INSTRUCTIONS FOR THE TASK — Using the listing below, reproduce exactly the lines from the one with "Scutellaria altissima" through the last, with all pictures left out.
★ ★ ★
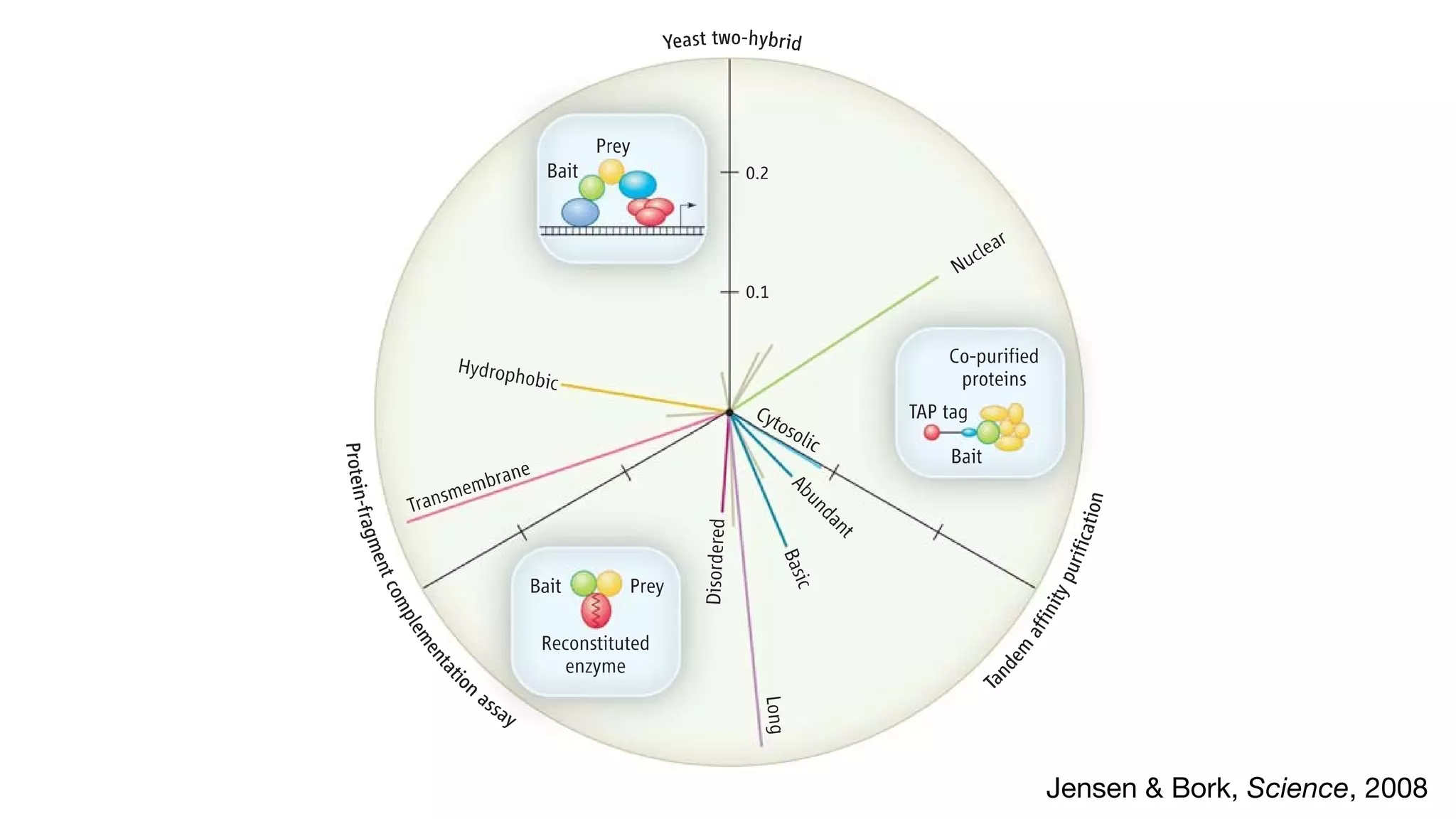 Jensen & Bork, Science, 2008
 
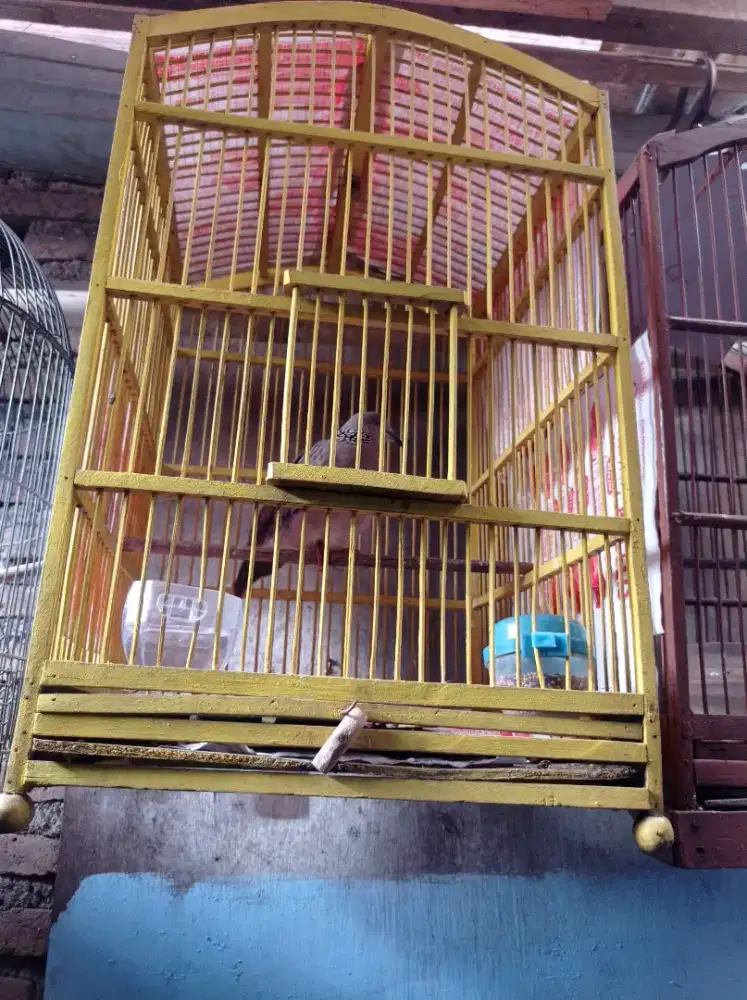 Burung tekukur rajin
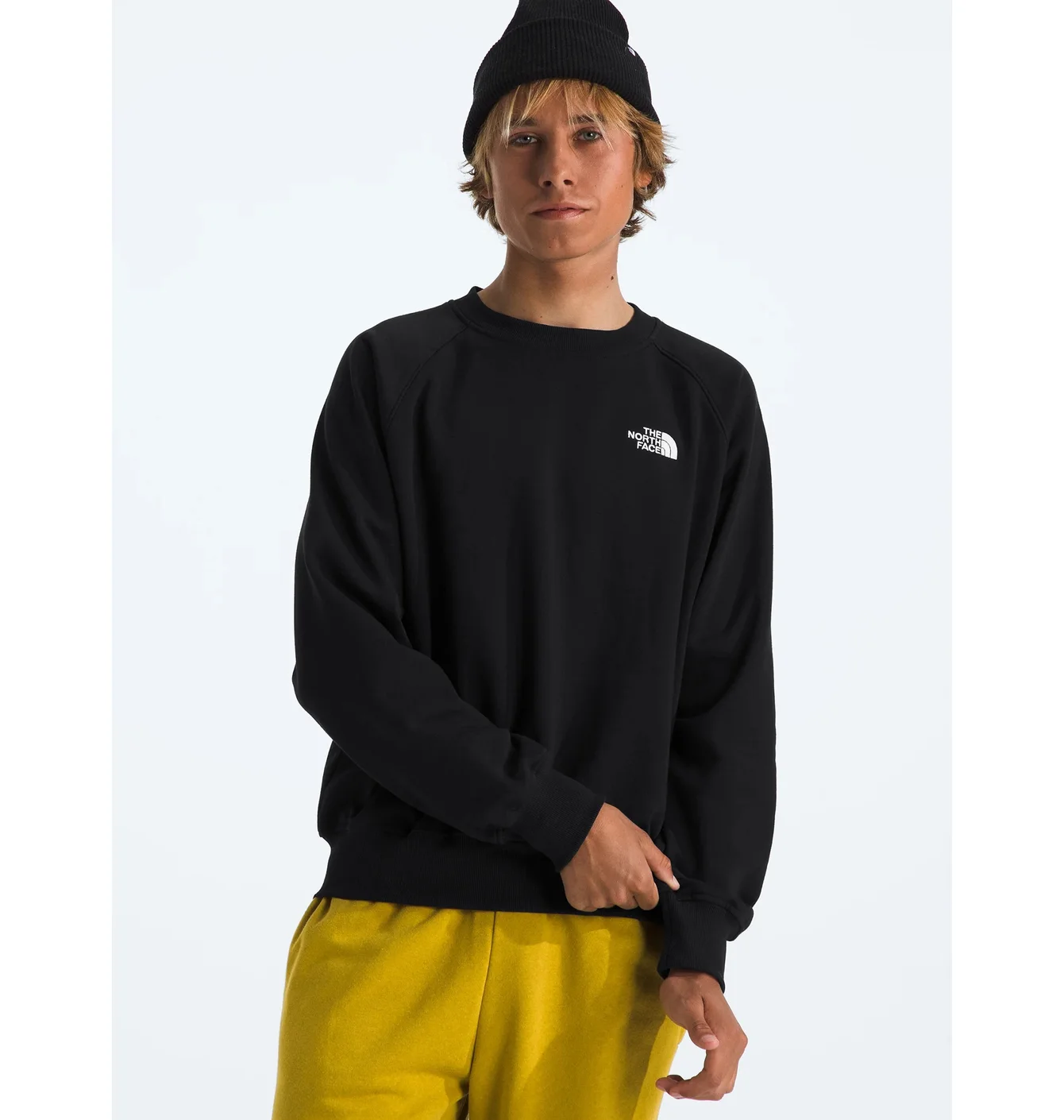 Світшот чоловічий The North Face Evolution Crew Black NF0A86WAKY4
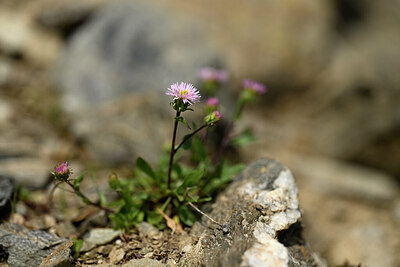 BUITEN BEELD Foto: 444539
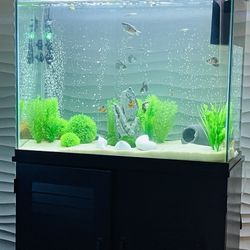 Fish Tank 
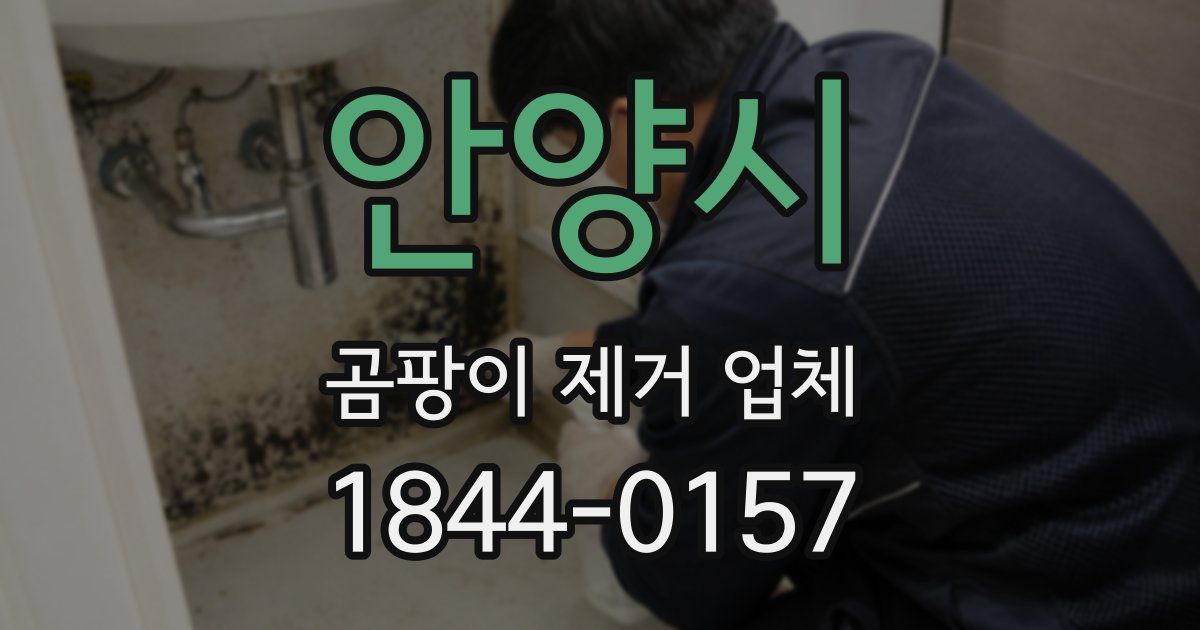 안양시 곰팡이 제거 업체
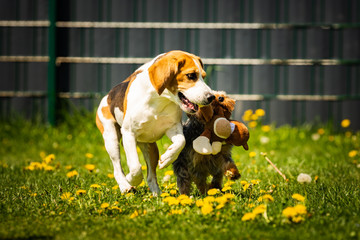 Cute Yorkshire Terrier dog running with beagle dog on gras on sunny day.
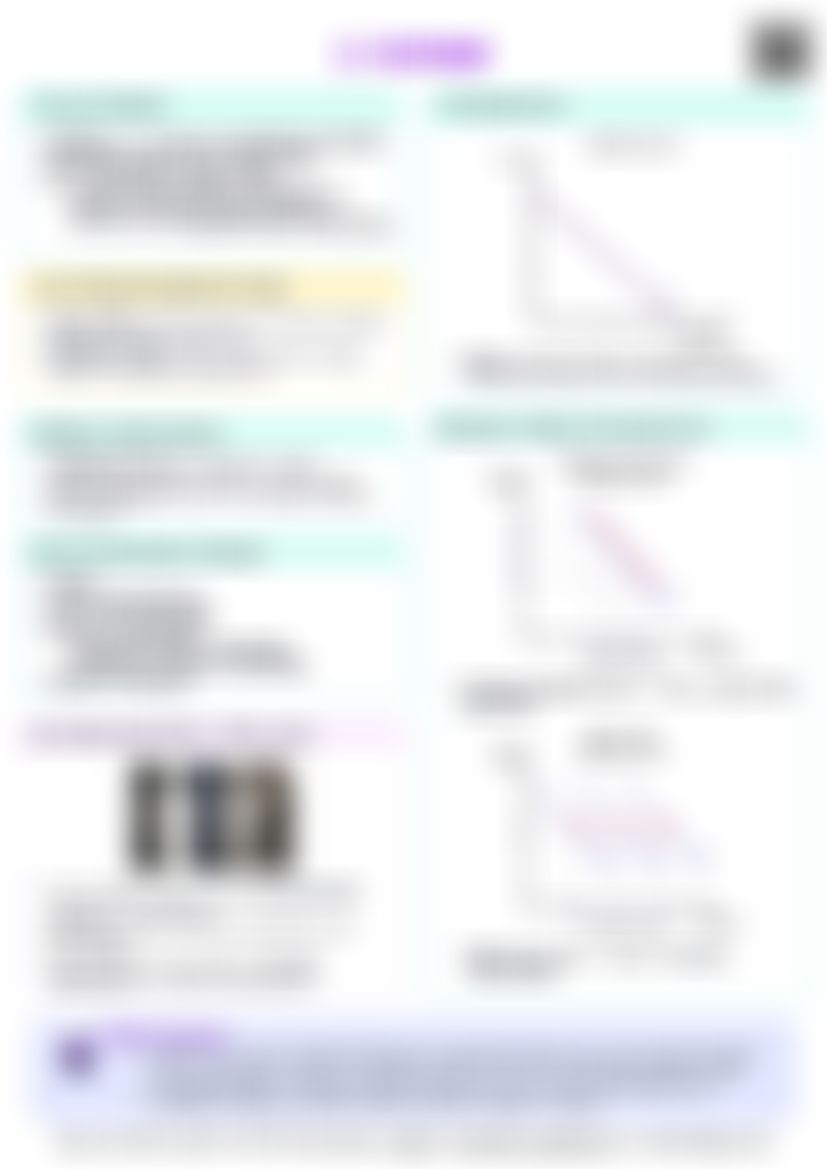 IB Econ 2.1 Demand Cheatsheet — cheatsheet preview
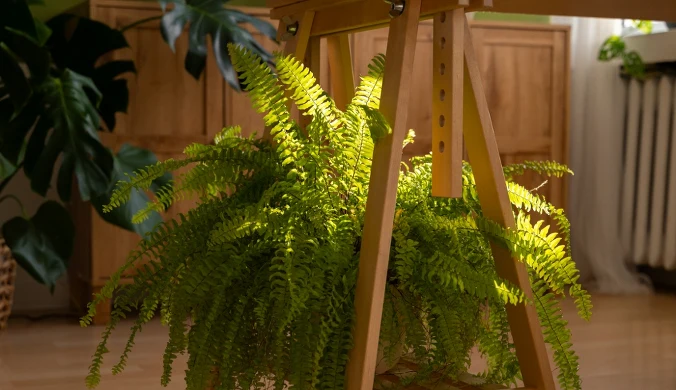 Rośliny oczyszczające powietrze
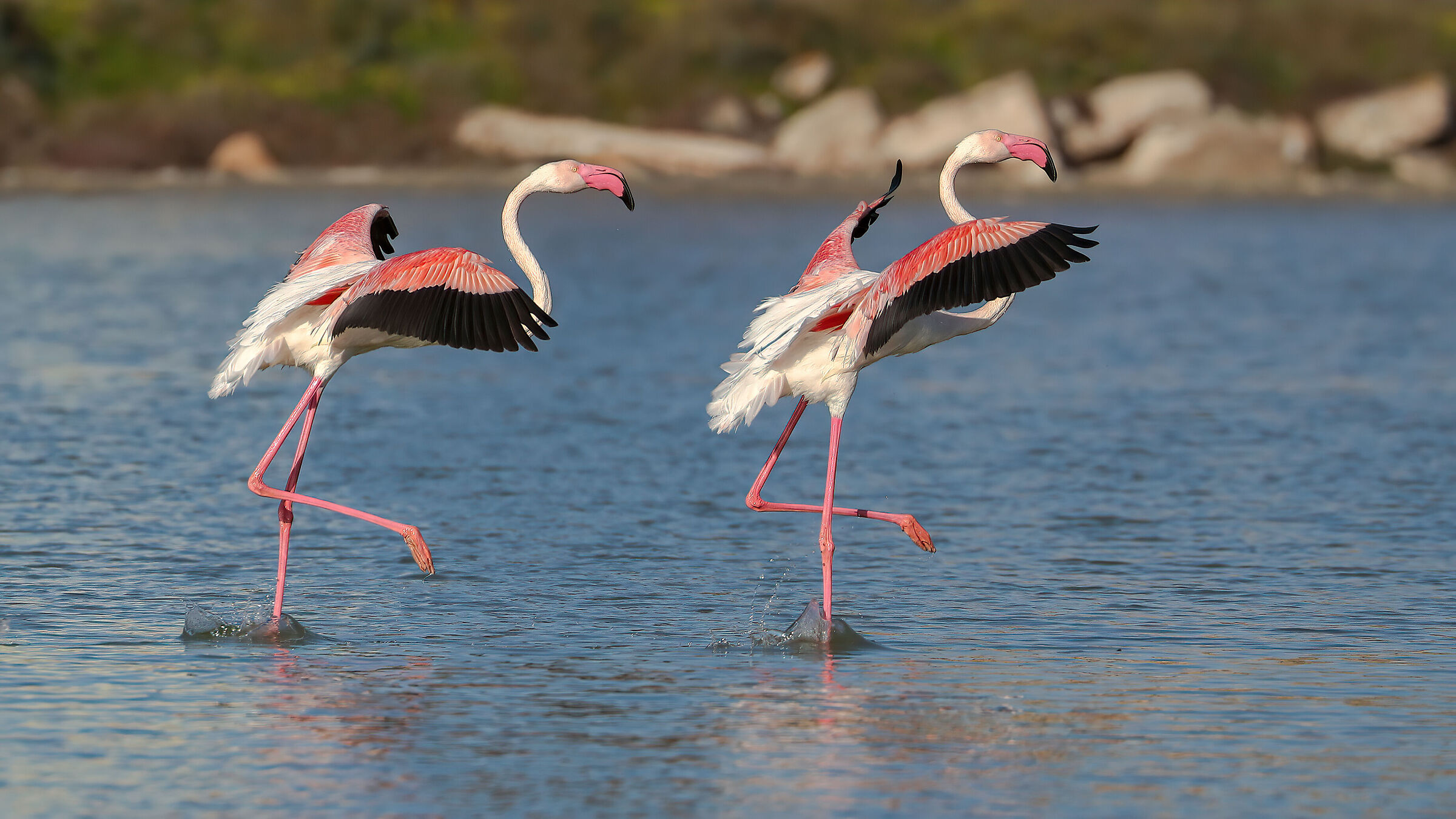 Synchrony.... pink flamingos
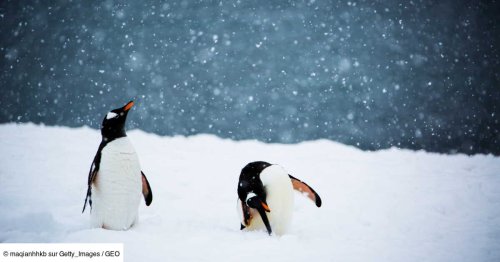 Comment l'Antarctique a-t-il pu gagner de la glace malgré le réchauffement?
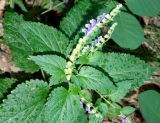 Scutellaria altissima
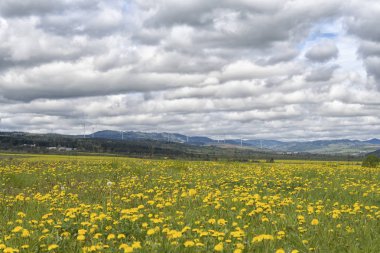 Dandelions bahar alanı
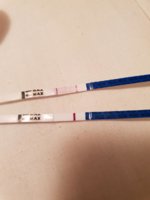 rps20190129_212511.jpg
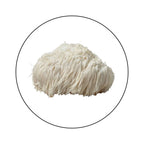 Lion's Mane en Polvo Melena de León Atomic Sapiens - foto 6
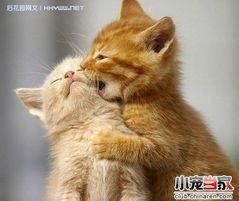 猫咪网站哪家强?带你探索宠物乐园的秘密!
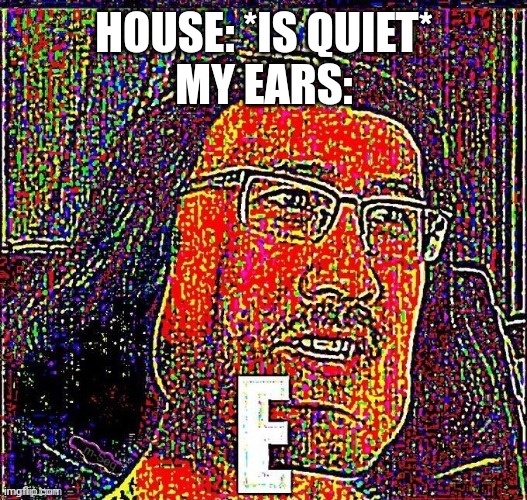 So true | HOUSE: *IS QUIET*
MY EARS: | image tagged in e meme | made w/ Imgflip meme maker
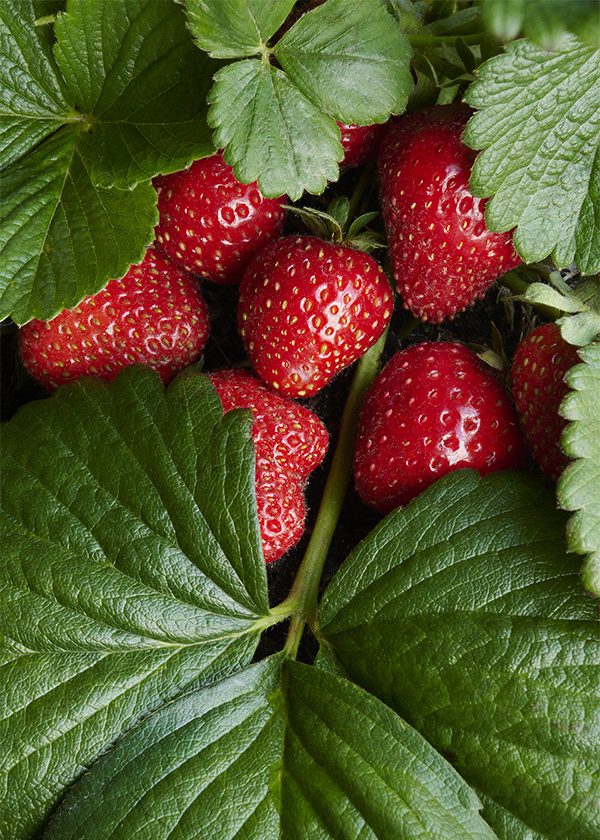 Growing Delicious Strawberries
★ ★ ★
EXPECTED ANSWER —
 Scutellaria altissima
 Dandelions bahar alanı
 rps20190129_212511.jpg
 Lion's Mane en Polvo Melena de León Atomic Sapiens - foto 6
 猫咪网站哪家强?带你探索宠物乐园的秘密!
 So true | HOUSE: *IS QUIET*
MY EARS: | image tagged in e meme | made w/ Imgflip meme maker
 Growing Delicious Strawberries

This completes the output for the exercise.